**Your objective**
Please repeat the data exactly, leaving nothing out.

**Available data**
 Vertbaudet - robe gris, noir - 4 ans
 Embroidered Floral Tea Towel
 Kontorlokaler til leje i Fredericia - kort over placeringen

**Solution to this exercise**
 Vertbaudet - robe gris, noir - 4 ans
 Embroidered Floral Tea Towel
 Kontorlokaler til leje i Fredericia - kort over placeringen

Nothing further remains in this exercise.